To speed you in your quest, I will use my powers over nature. The lesser creatures of the realm shall grow weary and despair. They shall no longer wish to battle against your might.

This announcement suggests the game has a time limit (and also that Heimdall just removed my ability to easily grind). I’m going to explore to the north a little further, but if nothing pans out, I’ll use my Wand of Wishes for Scrolls of Knowledge and see if I can pick up the swimming ability. At this point, I have three of the six quest items. If I can get one more, it might be worth heading to Asgard.

Time so far: 15 hours


B.A.T. II: The Koshan Conspiracy was going to be next, but I’m not sure how it got on my list in the first place. None of my sources call it an RPG, not even a hybrid. I can’t find evidence that any commenter defended it as an RPG. I’m dumping it unless someone can make a persuasive case. The Adventure Gamer already covered it if you really need to read about it.

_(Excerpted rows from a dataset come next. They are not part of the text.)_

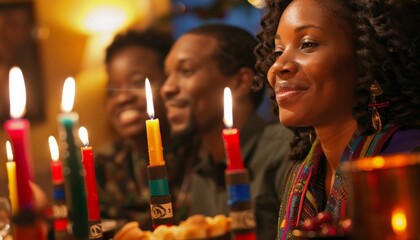 African family lights 7 candles. The celebration of Kwanzaa. Tradition and Culture  Africa concept. 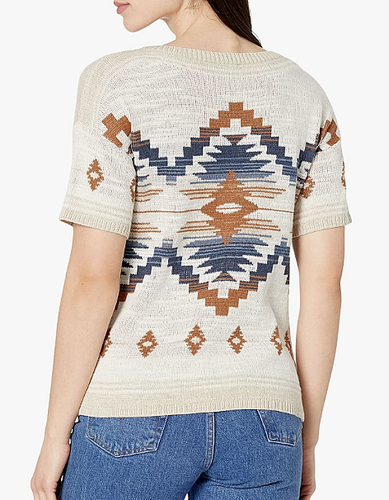 Pendleton Women's Short Sleeve Graphic Pullover Medium color Linen Multi NWT - Picture 3 of 4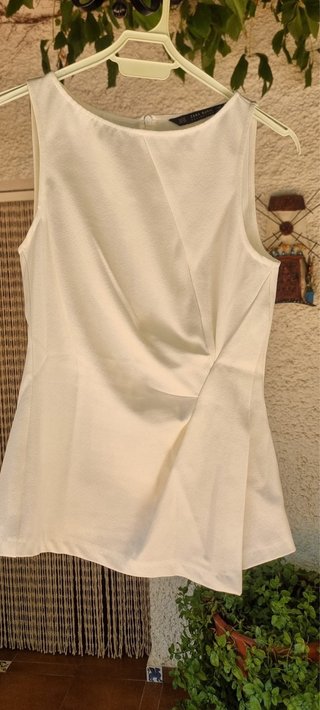 Top Zara Beige Mujer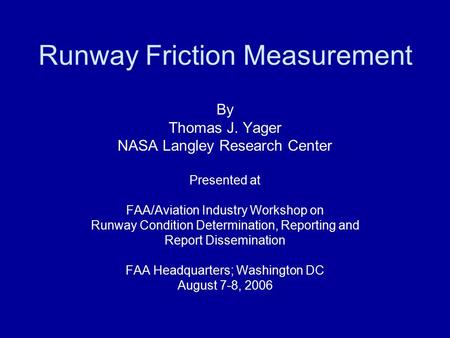 Runway Friction Measurement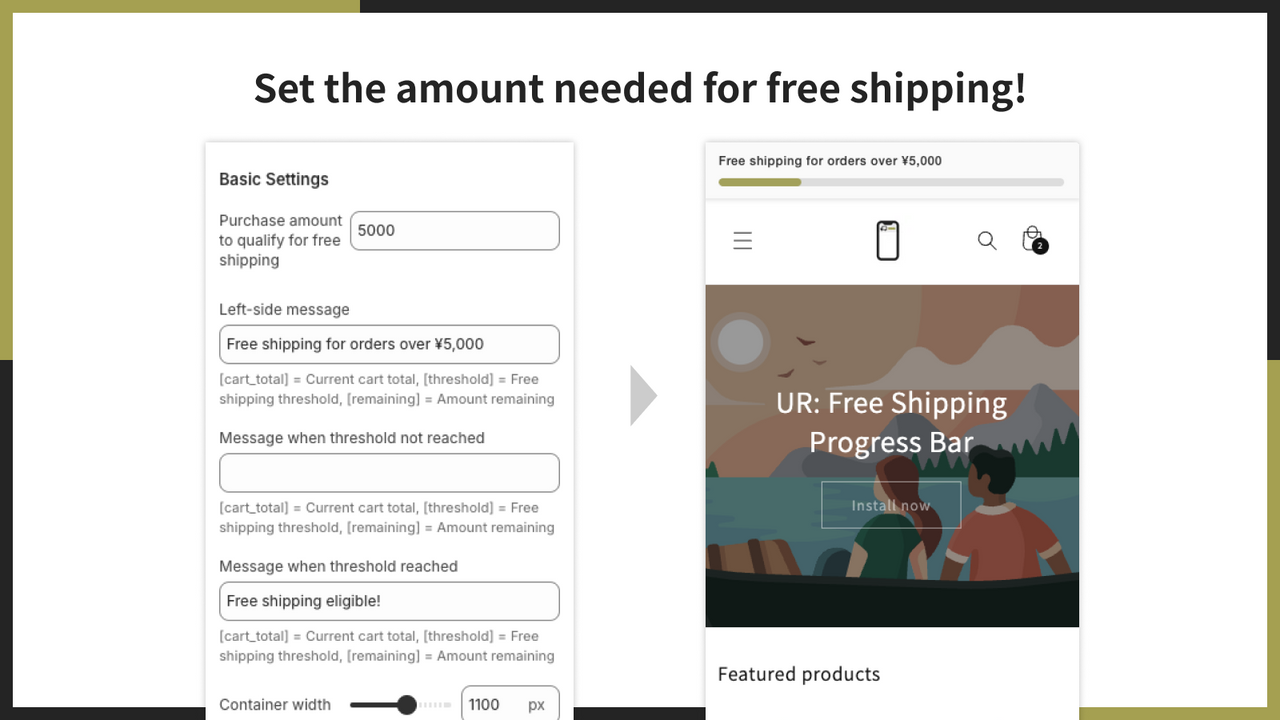 Set the amount needed for free shipping!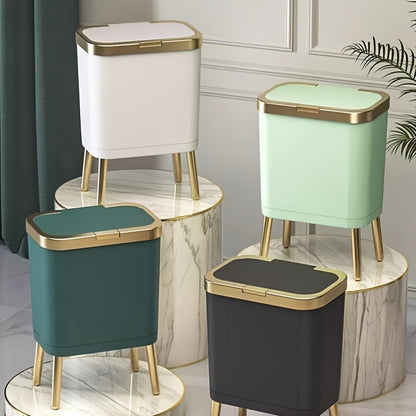 Large 15L Slim Kitchen Trash Can with Non Slip Base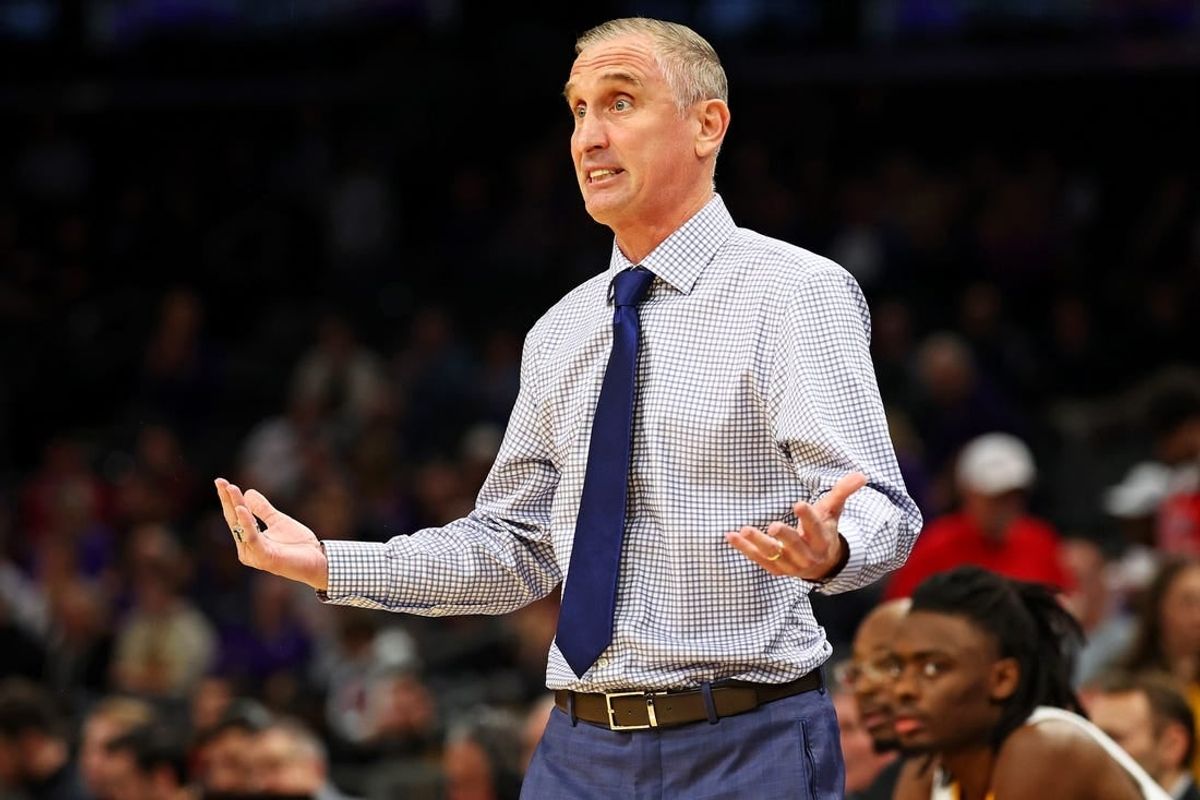 Dec 20, 2023; Phoenix, Arizona, USA; Arizona State Sun Devils head coach Bobby Hurley reacts from the sideline during the first half of the game against the Northwestern Wildcats during the Hall of Series at Footprint Center.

That means we get to our first random roll for the next game on the list! Pulling up the list, adding a “Random” column, filtering out games I’ve already played or rejected, we get . . . Xenus II: White Gold (2008). But of course I’m not going to play a game before its predecessor, which in this case is Boiling Point: Road to Hell (2005). That’s also the first game on my list from Ukraine. I can’t find mention of any other necessary precursors. But I’m just kidding because I’m not going to let myself jump that far ahead in one go. The actual next game needs to be in the next year I have not yet played, and a random selection from that year brings us to Shadowkeep 1: The Search by the same author as the Bandor series. Meanwhile, Planet’s Edge gets moved up a notch to Game 358, but I’m having trouble with that one. DOSBox crashes every time I try to leave the intro screen. So the real next game might be Ishar while I try to solve that problem.